Isaiah began his prophecy (chapter 1) declaring Judah had forgotten God. Their temple worship made Him sick. Jerusalem was an unjust prostitute. He would forsake them.
God was now their adversary. Judah and Jerusalem would experience extreme difficulties (chapters 2, 3). They depended on idols. They abused the poor. They were wicked. As a consequence, God’s vengeance was unavoidable (chapter 5).
In chapter 55, Isaiah pleaded with chastised Judah to trust their compassionate God. If they listened to the Lord, every need would be met. God would make an eternal covenant of mercy with them. God’s compassion was theirs if “you seek the Lord while He can be found and turn from evil.”
That was hard for Judah to accept, and harder to trust. God was so sick of them He rejected them, and they suffered. Yet, later, God promised mercy and compassion if they turned from evil and sought Him.
We do not do things that way. It does not “work” that way in human/human relationships. People who are that guilty of evil, who are forced to accept the consequences, are not offered mercy and compassion to heal the relationship.
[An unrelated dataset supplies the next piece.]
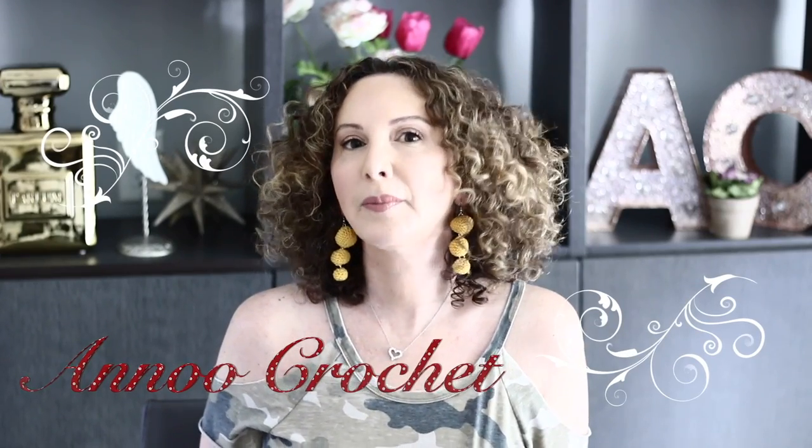Hi, this is Anu and welcome back to my channel. Today I am sharing with you a tutorial about how to create these adorable crochet earrings that I am wearing. I was going shopping the other day and I went to Nordstrom and I saw very similar earrings and I thought to myself, Anu, you can do that and you should share it with your crochet family and show them how easy it is to create those trendy statement, very summery and very cute earrings. So here I am sharing it with you. I hope you will enjoy it.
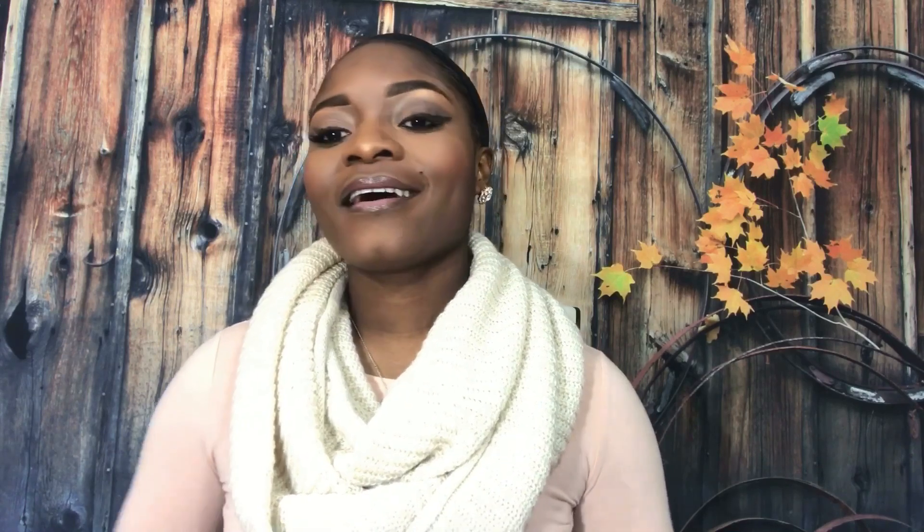This is what it's looking like right here. You guys, this wig does not have clips — there are no clips whatsoever to secure the wig. I did notice it has adjustable straps, so that's about it, and that makes me a little nervous.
“Explain yourself, God! People do not do things that way!”
“You are right. People do not act like I act or reason like I reason. People do not show compassion to those who inflict horrible wounds and injustice. People do not forgive years of abuse. People do not heal the guilty with mercy. But my thoughts are not your thoughts. My ways are not your ways. My actions are far above yours. You cannot think as I do. You cannot relate to my actions. I forgive when you would not. ”
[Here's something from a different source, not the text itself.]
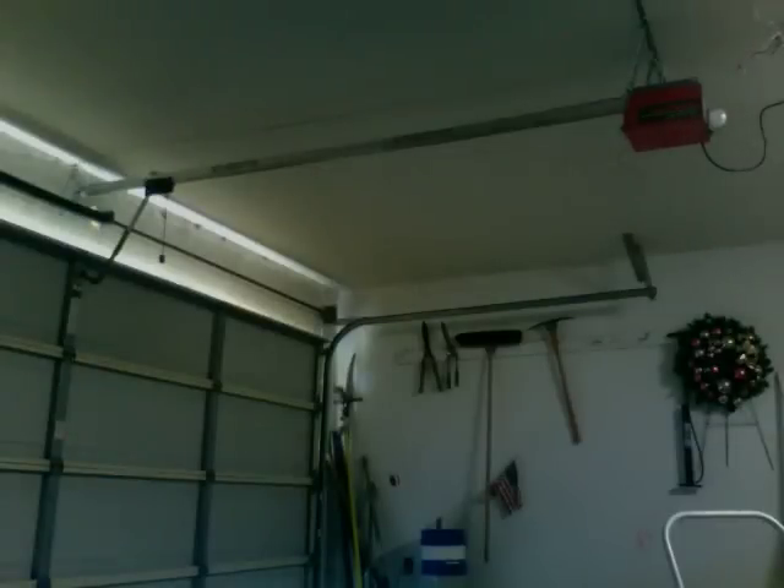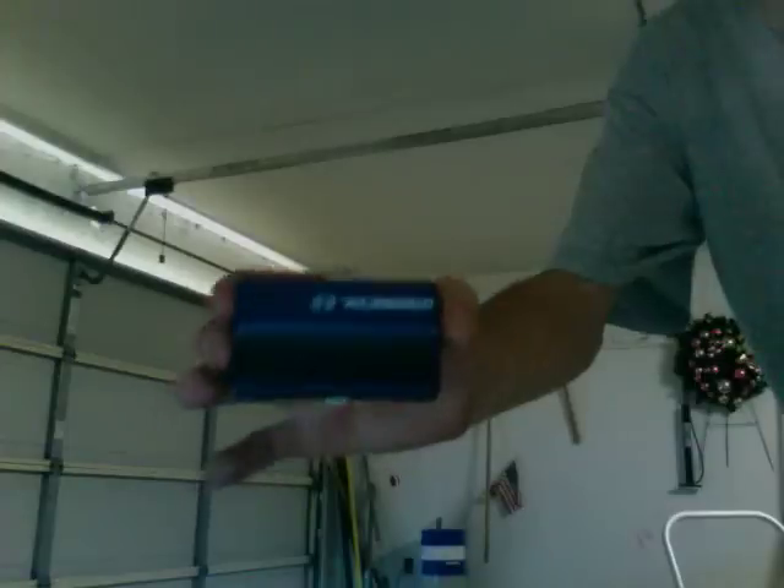I wanted to show this one just because it has a few odd characteristics that you don't find in a lot of the newer openers. I didn't hook up a lot of stuff; my garage is kind of a mess, so I'm not really going to show too much here. I am using my other little Chamberlain remote, my 953CB.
God never did things “our way.” We would not begin an evangelistic outreach by teaching a divorcee who was living with a man (John 4). God would. We would not allow a man who denied knowing Jesus to become the principal Christian teacher to an ethnic group (Matthew 26:69-75). God would. We would not allow a man who destroyed Christians to become a lead missionary and a New Testament writer (Acts 8:1-3; 9:1-43). God would.
When we impose our judgment, logic, reasoning, and concepts on God, we trust ourselves, not God. When we allow God to impose His purposes on us; when we yield to God’s will when His will defies human logic; when God’s values defy human rationales and we embrace them, then we trust God instead of ourselves.